British Chancellor George Osborne has announced £3 billion of spending cuts and £1.5 billion of asset sales as the new Conservative government works to balance the budget.
All this comes despite five years of coalition ‘austerity’ which still sees government spending at historically high levels.
The cuts are in addition to £13 billion announced for 2015-16, and an anticipated £30 billion expected in 2017-18, reports The Guardian. The savings will come from all Whitehall departments apart from ring-fenced health, education, and overseas aid spending, with transport and defence taking the biggest hits on budget.
Despite the reduction in the Ministy of Defence’s (MoD) budget likely to amount to 1.5 per cent of the total of military spending and the dire warnings made by recently retired senior officers about the catastrophic effect it could have on capability, a MoD spokesman leapt to the governments defence, remarking:
“This agreement will not impact on the baseline defence budget, manpower numbers or current operations. The UK will continue to spend 2% of GDP on defence in this financial year.”
Hitting the two per cent of GDP on defence spending target remains political sensitive, despite protestations before the election that ‘there are no votes in defence’. Cameron stood before his peers at the major NATO summit in Cardiff last year and pledged Britain would not drop below the agreed minimum, a promise he seems set to break before the next election.

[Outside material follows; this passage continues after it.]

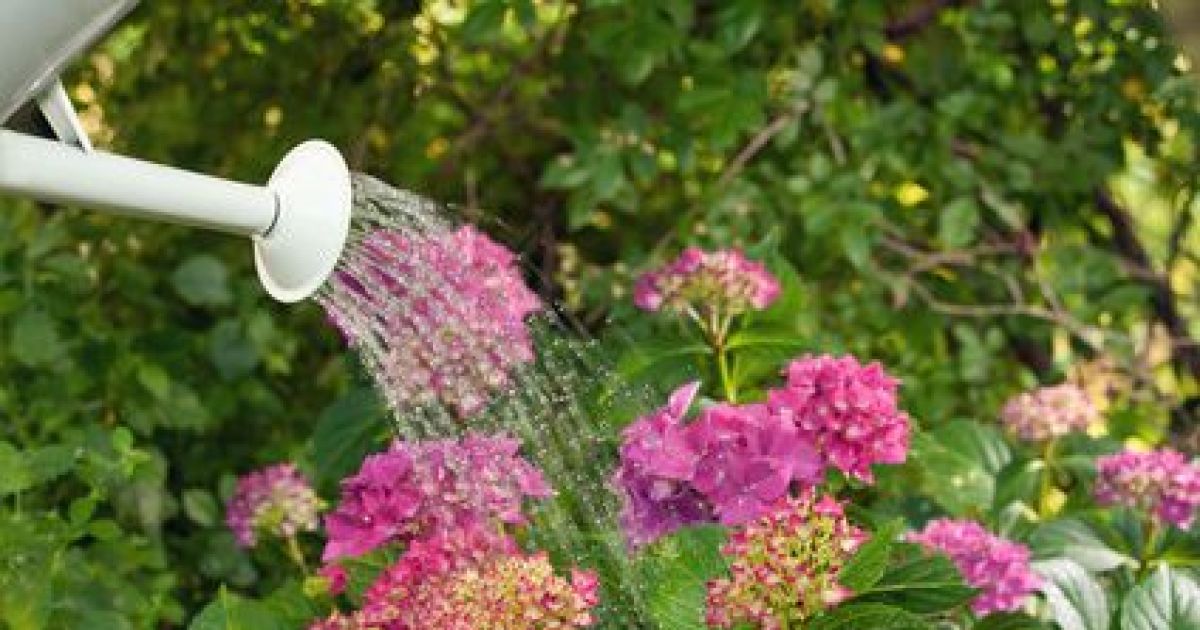 D Placer Un Hortensia Quand Et Comment Le Transplanter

Left-wing British newspaper The Independent reports the government has been accused of “tricking” voters by attempting to pay down the national debt.
Although deficit growth continued through the whole of the coalition, with national debt going from 60 per cent of GDP in 2009 to a remarkable 80 percent by this year, the rate of growth is slowing as budgets are cut – but it will take until 2018 until the UK returns to a surplus, according to Government figures. Only then will the nation begin to pay down the debt accumulated over the past thirty years.
Britain presently owes its debtors over £1.4 trillion.